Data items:
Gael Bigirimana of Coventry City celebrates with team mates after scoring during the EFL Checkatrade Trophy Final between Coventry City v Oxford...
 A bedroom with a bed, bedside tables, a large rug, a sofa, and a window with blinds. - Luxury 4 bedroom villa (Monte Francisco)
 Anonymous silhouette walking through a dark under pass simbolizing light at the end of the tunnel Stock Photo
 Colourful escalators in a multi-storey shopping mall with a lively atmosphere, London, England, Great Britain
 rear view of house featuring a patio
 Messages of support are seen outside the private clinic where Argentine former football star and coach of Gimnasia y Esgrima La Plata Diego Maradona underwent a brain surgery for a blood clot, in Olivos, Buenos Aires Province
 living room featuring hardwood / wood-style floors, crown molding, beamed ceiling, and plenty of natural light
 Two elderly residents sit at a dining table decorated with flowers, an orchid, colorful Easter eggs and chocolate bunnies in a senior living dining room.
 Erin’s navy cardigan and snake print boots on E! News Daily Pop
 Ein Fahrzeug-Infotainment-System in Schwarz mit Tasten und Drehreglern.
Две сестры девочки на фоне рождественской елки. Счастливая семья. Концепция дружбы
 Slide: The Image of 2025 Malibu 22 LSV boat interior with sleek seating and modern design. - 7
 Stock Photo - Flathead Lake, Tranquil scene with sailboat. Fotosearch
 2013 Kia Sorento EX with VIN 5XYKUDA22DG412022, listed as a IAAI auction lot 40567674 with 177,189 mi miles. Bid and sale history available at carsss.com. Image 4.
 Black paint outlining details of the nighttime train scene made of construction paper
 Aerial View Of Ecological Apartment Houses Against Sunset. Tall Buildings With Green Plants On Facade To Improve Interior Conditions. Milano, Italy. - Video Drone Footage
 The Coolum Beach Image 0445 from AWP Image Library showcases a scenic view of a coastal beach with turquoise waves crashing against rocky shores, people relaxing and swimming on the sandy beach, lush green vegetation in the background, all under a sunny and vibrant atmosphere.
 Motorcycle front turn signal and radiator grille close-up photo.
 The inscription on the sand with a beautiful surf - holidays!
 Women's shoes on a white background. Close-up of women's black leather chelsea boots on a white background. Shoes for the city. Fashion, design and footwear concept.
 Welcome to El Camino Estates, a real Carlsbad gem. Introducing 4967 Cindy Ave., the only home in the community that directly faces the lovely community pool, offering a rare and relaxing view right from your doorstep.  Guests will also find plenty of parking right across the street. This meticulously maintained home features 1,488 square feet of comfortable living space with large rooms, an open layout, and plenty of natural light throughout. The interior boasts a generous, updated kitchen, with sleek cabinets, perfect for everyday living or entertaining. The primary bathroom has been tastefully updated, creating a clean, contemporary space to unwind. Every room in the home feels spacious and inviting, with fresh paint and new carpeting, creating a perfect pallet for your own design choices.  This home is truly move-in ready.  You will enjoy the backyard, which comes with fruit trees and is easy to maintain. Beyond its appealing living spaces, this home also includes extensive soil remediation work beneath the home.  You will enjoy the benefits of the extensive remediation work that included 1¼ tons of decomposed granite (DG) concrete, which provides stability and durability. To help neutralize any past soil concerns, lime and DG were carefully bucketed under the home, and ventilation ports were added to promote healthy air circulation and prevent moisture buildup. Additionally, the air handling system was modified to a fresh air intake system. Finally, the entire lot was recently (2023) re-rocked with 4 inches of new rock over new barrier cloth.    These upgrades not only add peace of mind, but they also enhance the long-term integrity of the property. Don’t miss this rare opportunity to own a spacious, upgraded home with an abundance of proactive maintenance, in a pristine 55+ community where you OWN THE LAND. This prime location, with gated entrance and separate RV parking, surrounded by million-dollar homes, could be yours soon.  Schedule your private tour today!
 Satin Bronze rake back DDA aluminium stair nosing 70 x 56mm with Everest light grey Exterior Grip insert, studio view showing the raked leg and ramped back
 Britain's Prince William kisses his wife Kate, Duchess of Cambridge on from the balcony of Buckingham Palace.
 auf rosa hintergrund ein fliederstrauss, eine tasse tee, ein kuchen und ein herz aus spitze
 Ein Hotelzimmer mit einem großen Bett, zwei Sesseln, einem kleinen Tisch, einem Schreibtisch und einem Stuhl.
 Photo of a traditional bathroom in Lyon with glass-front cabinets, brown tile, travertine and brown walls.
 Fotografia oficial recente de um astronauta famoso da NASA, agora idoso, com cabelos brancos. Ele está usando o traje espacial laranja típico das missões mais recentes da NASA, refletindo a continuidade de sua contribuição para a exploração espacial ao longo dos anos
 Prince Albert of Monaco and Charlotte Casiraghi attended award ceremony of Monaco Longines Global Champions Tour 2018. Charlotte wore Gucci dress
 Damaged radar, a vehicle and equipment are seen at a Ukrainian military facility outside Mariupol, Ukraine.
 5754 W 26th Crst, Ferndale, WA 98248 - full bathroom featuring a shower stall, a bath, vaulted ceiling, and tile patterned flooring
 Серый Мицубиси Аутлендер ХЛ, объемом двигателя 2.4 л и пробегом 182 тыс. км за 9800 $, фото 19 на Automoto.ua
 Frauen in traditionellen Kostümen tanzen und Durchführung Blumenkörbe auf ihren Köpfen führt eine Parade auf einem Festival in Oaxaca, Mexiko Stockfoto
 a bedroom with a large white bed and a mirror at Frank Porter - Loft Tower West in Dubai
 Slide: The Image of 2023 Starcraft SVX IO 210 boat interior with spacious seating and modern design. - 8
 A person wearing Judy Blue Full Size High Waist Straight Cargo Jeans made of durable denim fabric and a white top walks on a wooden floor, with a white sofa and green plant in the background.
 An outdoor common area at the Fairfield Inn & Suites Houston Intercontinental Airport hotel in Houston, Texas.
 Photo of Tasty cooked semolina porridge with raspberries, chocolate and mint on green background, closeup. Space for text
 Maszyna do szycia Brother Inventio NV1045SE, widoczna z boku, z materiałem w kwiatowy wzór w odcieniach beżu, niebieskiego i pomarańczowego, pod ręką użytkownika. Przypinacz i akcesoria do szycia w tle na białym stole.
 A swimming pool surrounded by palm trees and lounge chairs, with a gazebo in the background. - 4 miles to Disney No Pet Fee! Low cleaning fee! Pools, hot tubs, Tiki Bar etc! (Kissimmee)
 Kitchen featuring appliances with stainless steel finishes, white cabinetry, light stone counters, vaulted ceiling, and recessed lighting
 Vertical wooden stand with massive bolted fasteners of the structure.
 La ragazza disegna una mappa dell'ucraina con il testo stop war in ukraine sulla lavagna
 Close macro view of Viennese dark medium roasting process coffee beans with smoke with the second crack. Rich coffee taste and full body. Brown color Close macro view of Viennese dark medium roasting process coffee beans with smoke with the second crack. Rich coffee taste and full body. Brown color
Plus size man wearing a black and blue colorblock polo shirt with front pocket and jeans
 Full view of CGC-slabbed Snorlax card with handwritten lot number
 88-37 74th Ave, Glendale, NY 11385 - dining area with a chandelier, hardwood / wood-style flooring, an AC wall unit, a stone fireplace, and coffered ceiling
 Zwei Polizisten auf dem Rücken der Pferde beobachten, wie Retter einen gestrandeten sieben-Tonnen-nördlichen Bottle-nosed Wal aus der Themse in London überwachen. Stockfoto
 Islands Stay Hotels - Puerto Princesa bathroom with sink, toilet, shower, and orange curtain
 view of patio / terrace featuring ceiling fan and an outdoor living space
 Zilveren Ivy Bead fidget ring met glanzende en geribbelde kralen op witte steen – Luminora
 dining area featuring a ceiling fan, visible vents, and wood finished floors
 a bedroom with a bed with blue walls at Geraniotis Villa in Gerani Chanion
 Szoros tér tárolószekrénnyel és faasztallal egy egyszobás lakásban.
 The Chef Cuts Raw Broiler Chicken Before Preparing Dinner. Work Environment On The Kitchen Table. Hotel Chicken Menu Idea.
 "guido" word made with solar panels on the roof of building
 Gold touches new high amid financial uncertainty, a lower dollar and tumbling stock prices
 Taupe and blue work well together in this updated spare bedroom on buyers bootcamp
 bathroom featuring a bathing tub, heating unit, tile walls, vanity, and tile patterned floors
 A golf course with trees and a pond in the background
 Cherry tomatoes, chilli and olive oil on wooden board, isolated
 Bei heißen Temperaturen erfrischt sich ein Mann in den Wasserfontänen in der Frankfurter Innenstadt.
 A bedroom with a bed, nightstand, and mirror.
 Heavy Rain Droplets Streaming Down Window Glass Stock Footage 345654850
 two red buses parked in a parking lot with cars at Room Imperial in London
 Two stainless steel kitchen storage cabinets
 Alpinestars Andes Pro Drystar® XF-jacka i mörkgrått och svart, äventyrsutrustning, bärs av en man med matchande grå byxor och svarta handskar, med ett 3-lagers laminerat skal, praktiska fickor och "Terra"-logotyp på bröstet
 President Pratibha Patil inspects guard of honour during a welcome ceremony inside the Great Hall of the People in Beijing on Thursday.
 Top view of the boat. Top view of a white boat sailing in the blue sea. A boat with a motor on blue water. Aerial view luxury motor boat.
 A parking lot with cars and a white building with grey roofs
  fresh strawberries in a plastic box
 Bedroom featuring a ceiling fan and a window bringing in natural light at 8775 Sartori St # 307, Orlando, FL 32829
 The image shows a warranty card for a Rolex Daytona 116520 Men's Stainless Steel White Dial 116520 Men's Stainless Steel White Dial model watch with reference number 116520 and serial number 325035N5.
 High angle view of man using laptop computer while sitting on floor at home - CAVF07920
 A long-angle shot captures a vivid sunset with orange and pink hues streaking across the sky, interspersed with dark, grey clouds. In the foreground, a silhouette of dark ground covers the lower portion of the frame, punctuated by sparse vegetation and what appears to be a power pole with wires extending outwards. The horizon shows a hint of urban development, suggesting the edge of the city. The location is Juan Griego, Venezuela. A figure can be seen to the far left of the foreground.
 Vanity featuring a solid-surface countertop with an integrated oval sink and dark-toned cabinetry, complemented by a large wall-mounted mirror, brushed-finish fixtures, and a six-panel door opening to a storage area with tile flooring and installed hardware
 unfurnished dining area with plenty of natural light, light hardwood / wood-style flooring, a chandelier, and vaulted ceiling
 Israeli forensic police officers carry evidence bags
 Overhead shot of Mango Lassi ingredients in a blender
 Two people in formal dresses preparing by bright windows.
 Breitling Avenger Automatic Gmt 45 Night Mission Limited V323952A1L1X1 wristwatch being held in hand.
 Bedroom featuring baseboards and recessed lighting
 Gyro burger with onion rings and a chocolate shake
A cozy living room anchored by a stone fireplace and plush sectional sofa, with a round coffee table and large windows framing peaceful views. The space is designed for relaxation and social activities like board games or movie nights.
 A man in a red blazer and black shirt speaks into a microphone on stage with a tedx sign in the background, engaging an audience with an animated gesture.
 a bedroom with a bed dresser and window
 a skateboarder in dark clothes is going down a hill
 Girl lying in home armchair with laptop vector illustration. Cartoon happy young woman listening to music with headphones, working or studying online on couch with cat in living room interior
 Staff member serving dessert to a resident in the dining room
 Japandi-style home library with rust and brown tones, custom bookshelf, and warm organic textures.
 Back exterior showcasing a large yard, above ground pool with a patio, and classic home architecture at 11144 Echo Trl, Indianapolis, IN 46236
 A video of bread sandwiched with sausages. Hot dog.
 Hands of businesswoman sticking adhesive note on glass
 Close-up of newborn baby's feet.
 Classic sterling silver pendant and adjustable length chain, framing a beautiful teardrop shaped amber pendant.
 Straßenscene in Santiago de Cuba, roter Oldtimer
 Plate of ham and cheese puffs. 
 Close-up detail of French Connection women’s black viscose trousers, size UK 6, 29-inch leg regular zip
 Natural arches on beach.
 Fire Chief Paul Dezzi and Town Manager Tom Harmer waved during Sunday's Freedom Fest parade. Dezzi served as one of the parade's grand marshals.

▸ WHAT YOU HAVE TO DO: How many lines of the records contain "orange"? Answer with the number only.

▸ TASK SOLUTION: 2